While the Oilers first NHL game -- whose ticket stub paved the way to this one -- was held on my birthday, the Heritage Classic itself was held on my wife's. (Some would call this a sign.) Unselfish person and loving mother that she is -- not to mention practical about the Great Outdoors in Friggin' November -- she graciously passed on her opportunity so that our son could attend, and spent "her" day mostly alone. She had seen hundreds of games with me in the glory years, and was happy to remember "the boys" as they were. Kevin, meanwhile, had heard the stories (more than once, in some cases) but never saw the team with his own eyes, the Gretzky sale having been completed in his first year.

Kevin and I prepared like tens of thousands of others for an extended outdoor stint. With my cold-weather night-time observing experience and collected layers of clothing, perhaps I was better prepared than many: briefs, thermal socks, two pairs wool socks, two full pairs of longjohns, outer pants, turtleneck, two hoodies, snowmobile suit, Oiler sweater, parka, Sorel boots, wool gloves covered by heavy wool gunner mitts, neck warmer, thick black cloth baseball hat, four hoods, sleeping bag. A thermos of hot coffee for me and of cider for Kevin, and off we trundled like a pair of Michelin Men to the Park'N'Ride. After a few nervous moments outside the stadium seeing a huge line-up awaiting security, I found that they were passing people through very efficiently indeed, and we were able to find out seats just as they began to introduce the so-called megastars. Perfect timing.

Commonwealth Stadium was the place to be that cold November Saturday, providing an interesting perspective on a few things. Seen at a greater distance than I'm used to -- and make no mistake, these were relatively excellent seats on Row 44, just below the underhang -- the games had a surreal element. I saw it as an event, whereas usually my attention is entirely focussed on the action between the boards.

What an event it was! It had a very Winter Carnival-type feel. I have been to many dozens of games in Commonwealth Stadium, starting with the Games themselves, but I have never, ever been there in the winter. Do we really just leave it sit there unused for half the year?

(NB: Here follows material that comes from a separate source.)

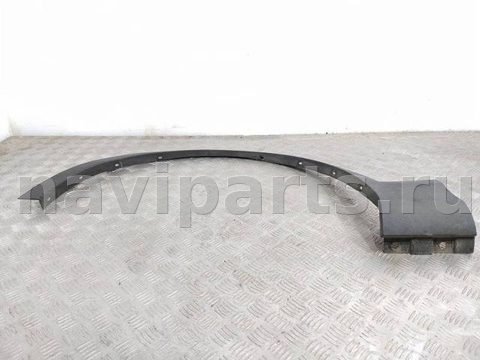 Молдинг крыла переднего левого BMW X3 F25, 2016 г., арт. 1051302, фото 2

The experience of watching the timeworn rituals of hockey in the familiar-yet-strange setting of Commonwealth Stadium was like a dream, where context twisted into bizarre visions of unreality. The usual green floor of Commonwealth was replaced by a broad valley of brilliantly-lit white; an island ice rink surrounded by a lake of snow. While utterly appropriate to the occasion of the first outdoor game, the "lake" seemed to act as a buffer between the fans and the participants; seen at an odd, flattish angle the ice surface was seemingly suspended in space, the standard setting of spectators in surround-sound seats strangely sequestered. And my normally sharp sense of time was skewed in mysterious ways, as the utterly modern merged with the ageless.

The challenges of playing outdoors were as old as the game itself, yet utterly new to most of the participants. While a record audience of nearly 3 million viewers watched innovative camera angles on Hockey Night in Canada's first high-definition TV broadcast, to us in the distant stands the action was difficult to follow, the puck the size of a pixel when it was visible at all. One learned to follow it by the context of the play and the players; if, for example, Eric Brewer was skating in a certain direction, one could be sure the puck was going in another.

But all that said, the stands were the place to be, where one could observe the action unfolding live in something close to four dimensions, no matter how strangely warped. From that perspective one could focus less on the hockey game and reflect on Hockey, the Game. Or as Peter Gzowski put it, the Game of Our Lives. The patterns, the passing, the pounding, the poise-under-pressure, the performance art, the passion play.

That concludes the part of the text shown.